Task requirements: In the data below, find every line with the word "Steel" and copy it.

Dataset excerpts:
BEGIN
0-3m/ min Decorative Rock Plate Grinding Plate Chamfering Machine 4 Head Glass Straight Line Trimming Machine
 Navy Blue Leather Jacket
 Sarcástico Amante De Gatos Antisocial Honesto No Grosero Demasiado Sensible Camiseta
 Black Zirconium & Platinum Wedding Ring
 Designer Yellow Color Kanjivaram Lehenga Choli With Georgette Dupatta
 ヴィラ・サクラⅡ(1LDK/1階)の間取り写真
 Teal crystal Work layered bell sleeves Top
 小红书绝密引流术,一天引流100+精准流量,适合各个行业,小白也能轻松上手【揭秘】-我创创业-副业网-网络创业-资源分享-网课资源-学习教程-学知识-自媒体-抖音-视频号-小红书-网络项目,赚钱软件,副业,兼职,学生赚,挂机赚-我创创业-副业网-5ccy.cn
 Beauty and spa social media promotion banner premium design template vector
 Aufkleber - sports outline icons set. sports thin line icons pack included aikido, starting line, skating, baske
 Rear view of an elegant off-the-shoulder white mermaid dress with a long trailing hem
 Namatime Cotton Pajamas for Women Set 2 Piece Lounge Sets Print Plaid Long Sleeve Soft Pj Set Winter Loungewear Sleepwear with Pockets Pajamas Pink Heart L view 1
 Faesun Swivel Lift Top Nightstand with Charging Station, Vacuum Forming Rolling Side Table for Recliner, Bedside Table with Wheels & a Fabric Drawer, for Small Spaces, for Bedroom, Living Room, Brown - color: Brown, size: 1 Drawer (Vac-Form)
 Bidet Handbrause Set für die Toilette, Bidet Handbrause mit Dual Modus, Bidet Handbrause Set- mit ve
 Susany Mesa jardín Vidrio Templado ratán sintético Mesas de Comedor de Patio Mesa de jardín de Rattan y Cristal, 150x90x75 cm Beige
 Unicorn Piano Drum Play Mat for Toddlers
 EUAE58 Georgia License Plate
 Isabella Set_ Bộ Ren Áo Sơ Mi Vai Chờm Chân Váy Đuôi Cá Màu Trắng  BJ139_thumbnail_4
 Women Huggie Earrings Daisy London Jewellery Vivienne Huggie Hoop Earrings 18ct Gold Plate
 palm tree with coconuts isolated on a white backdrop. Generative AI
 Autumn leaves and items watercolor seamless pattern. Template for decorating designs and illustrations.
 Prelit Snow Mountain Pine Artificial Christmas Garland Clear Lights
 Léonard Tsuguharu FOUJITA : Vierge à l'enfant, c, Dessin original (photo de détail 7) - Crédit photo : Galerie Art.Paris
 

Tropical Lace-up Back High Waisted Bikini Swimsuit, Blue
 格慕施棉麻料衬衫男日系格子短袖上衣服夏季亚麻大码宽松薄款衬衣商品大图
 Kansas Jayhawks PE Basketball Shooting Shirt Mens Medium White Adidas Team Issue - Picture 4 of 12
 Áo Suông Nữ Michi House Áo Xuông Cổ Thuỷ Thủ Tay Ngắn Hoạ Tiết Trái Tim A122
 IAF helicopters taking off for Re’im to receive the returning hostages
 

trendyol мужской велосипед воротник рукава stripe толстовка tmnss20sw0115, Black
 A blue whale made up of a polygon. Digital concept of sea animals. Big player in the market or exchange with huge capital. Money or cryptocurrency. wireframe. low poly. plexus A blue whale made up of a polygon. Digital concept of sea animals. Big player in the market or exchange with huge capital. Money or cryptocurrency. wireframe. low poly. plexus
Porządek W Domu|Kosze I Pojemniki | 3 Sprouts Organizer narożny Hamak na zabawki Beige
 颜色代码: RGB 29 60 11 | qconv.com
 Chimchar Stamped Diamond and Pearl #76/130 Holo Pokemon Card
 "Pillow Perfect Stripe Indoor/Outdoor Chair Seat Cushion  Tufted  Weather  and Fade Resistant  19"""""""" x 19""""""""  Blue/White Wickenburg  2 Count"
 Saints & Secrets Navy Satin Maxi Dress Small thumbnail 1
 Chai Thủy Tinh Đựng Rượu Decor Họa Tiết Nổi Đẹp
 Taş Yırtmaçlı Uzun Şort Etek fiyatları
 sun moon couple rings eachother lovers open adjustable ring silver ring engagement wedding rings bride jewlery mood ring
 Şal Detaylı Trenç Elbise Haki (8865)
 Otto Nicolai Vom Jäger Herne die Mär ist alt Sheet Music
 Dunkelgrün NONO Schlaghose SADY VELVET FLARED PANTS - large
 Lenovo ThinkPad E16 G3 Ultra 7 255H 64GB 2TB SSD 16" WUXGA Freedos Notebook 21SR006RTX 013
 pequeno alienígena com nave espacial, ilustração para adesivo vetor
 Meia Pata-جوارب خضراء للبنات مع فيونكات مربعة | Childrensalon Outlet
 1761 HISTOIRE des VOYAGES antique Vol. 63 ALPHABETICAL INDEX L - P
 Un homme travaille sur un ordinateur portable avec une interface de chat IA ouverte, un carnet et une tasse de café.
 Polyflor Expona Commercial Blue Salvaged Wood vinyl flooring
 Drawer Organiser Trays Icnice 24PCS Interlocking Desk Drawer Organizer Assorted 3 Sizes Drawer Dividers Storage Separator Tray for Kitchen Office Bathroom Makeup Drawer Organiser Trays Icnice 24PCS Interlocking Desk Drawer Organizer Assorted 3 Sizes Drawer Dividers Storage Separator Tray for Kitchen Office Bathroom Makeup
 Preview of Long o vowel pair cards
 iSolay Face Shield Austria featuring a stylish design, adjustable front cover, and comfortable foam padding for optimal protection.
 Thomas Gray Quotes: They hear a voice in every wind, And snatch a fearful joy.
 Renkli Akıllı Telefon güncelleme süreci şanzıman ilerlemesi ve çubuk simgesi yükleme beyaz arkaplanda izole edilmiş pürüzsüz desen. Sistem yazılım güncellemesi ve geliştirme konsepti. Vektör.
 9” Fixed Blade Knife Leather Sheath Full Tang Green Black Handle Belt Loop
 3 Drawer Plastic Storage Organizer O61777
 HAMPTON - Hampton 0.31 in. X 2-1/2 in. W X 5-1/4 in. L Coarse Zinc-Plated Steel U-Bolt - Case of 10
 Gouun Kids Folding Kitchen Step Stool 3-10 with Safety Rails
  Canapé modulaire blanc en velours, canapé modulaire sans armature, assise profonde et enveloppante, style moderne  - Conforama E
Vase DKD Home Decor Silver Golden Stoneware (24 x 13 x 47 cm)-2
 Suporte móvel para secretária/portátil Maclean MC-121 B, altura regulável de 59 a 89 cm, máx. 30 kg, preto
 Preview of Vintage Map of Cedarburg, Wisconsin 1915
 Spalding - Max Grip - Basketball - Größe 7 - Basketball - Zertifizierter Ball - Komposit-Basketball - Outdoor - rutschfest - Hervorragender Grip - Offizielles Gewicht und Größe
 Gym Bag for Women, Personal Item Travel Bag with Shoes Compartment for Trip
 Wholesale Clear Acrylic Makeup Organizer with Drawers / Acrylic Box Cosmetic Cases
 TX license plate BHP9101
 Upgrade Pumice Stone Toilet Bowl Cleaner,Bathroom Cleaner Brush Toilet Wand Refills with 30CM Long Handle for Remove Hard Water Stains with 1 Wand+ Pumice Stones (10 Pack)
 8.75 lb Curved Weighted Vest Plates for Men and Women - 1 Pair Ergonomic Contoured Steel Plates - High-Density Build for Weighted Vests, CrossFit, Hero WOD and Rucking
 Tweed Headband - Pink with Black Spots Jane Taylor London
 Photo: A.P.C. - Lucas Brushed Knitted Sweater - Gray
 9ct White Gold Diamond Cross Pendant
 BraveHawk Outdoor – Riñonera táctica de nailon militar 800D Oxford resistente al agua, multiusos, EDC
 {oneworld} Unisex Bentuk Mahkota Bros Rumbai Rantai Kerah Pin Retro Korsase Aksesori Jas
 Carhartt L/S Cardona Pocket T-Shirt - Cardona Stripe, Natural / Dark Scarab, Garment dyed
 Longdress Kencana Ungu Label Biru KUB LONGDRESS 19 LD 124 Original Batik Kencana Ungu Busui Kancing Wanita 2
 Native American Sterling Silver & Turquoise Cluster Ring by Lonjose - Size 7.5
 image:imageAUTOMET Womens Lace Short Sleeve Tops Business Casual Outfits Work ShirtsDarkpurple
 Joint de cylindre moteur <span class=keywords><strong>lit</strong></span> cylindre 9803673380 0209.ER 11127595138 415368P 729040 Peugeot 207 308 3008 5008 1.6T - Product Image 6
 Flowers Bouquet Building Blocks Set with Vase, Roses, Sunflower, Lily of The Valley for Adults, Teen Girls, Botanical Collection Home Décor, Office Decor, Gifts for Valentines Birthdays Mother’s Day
END
Response below:
 HAMPTON - Hampton 0.31 in. X 2-1/2 in. W X 5-1/4 in. L Coarse Zinc-Plated Steel U-Bolt - Case of 10
 8.75 lb Curved Weighted Vest Plates for Men and Women - 1 Pair Ergonomic Contoured Steel Plates - High-Density Build for Weighted Vests, CrossFit, Hero WOD and Rucking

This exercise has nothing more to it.